(Dataset records begins)
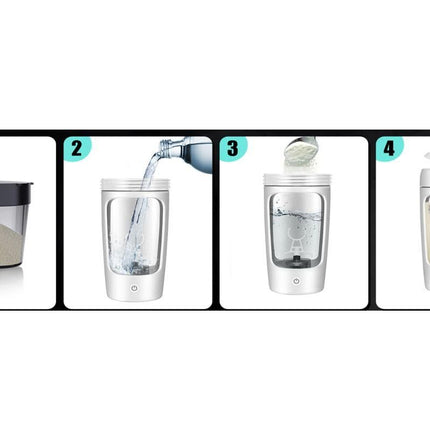 Electric Shaker Bottle Protein Shaker Bottle Protein Mixer for Perfect Creamy Shake Rechargeable Blender Bottle -White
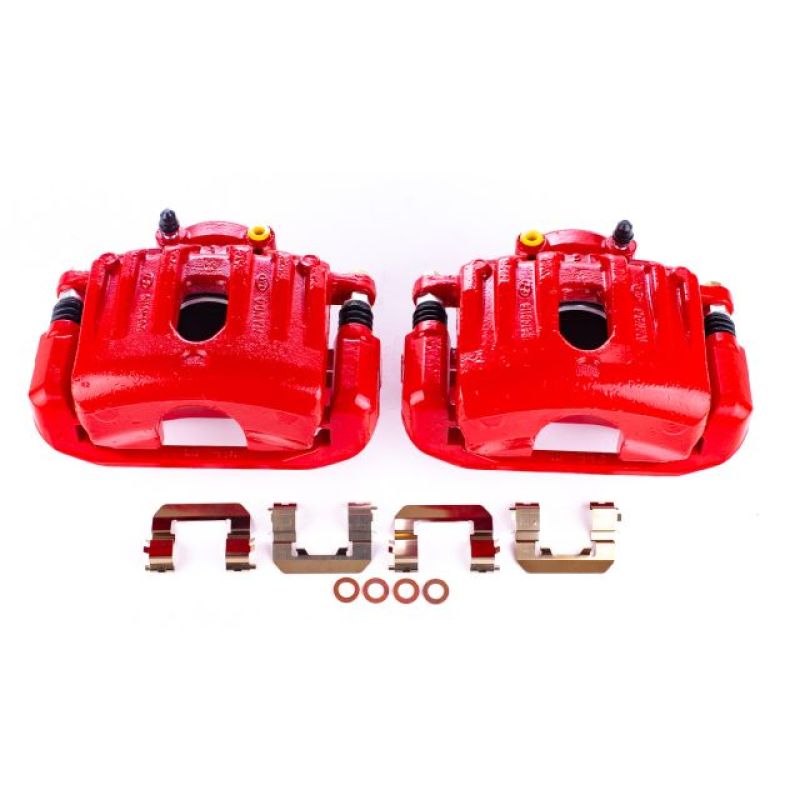 PSB Red Calipers - Power Stop 09-11 Hyundai Genesis Front Red Calipers w/Brackets - Pair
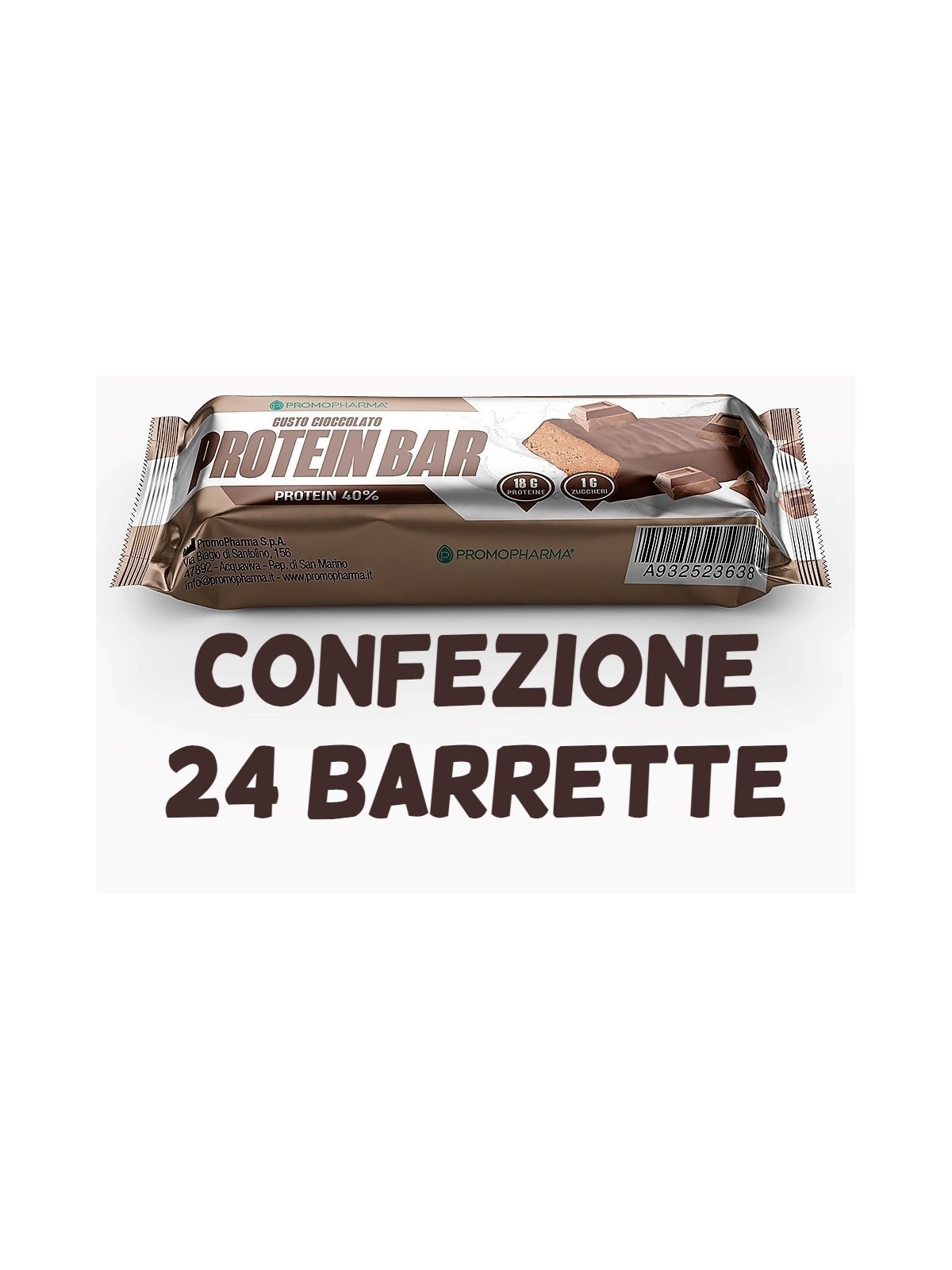 Protein Bar 40% Cioccolato 45 g Confezione 24 pezzi Promopharma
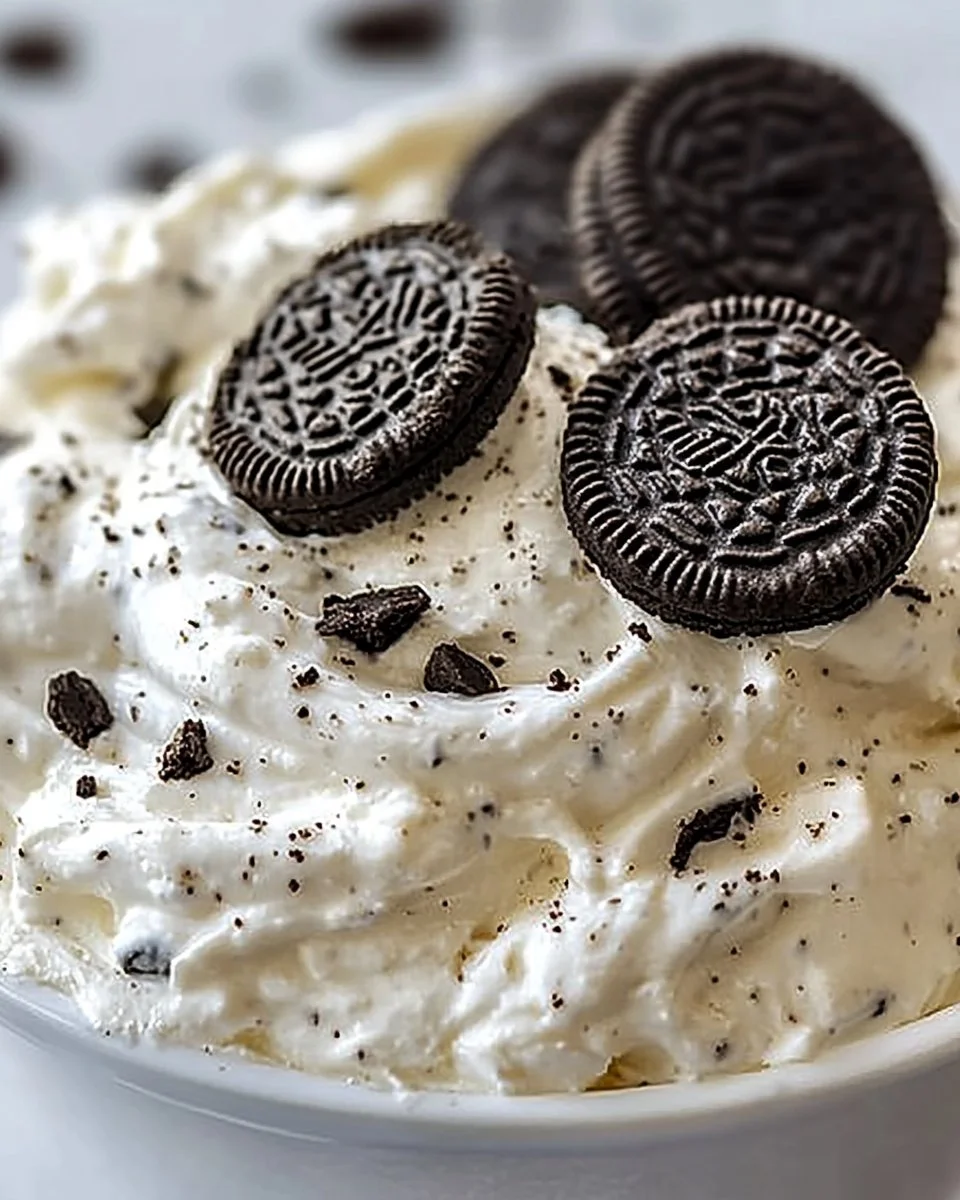 A bowl of Protein Oreo Fluff Dessert topped with crushed Oreos and whipped cream.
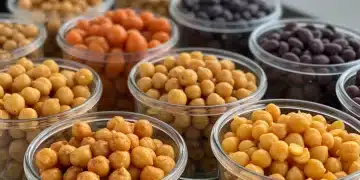 Portioned plant-based proteins in meal prep containers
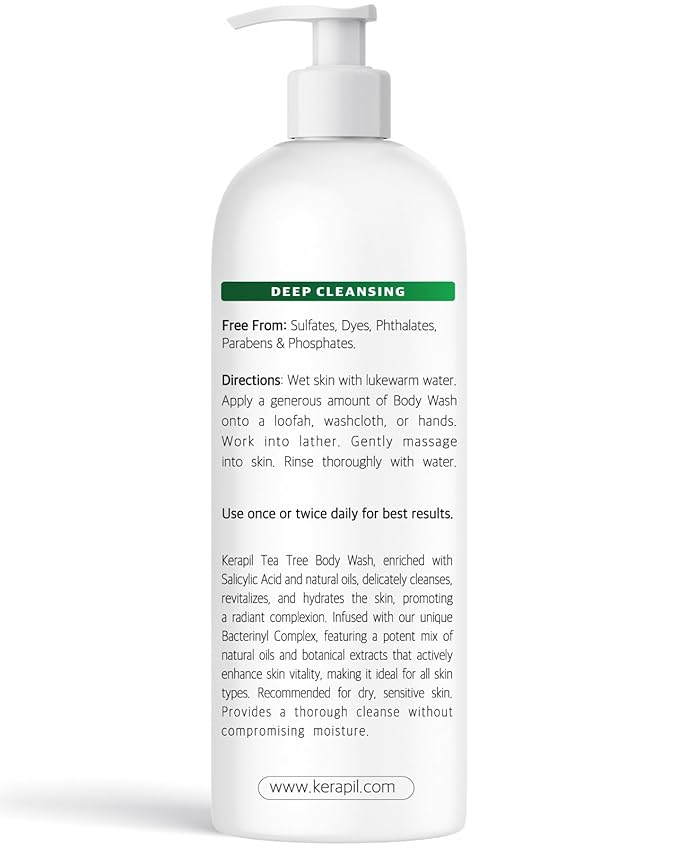 KERAPIL Bacterinyl Tea Tree Oil Body Wash - Antibacterial & Antifungal Support for Ringworm, Body Odors, Athlete’s Foot & Acne, Helps Soothe Itchy, Dry Skin - Made in USA (16 fl oz x 2)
(Dataset records ends)
▸ What is expected
Retype all of the listing word for word and skip the pictures.

▸ Result of the task
 Electric Shaker Bottle Protein Shaker Bottle Protein Mixer for Perfect Creamy Shake Rechargeable Blender Bottle -White
 PSB Red Calipers - Power Stop 09-11 Hyundai Genesis Front Red Calipers w/Brackets - Pair
 Protein Bar 40% Cioccolato 45 g Confezione 24 pezzi Promopharma
 A bowl of Protein Oreo Fluff Dessert topped with crushed Oreos and whipped cream.
 Portioned plant-based proteins in meal prep containers
 KERAPIL Bacterinyl Tea Tree Oil Body Wash - Antibacterial & Antifungal Support for Ringworm, Body Odors, Athlete’s Foot & Acne, Helps Soothe Itchy, Dry Skin - Made in USA (16 fl oz x 2)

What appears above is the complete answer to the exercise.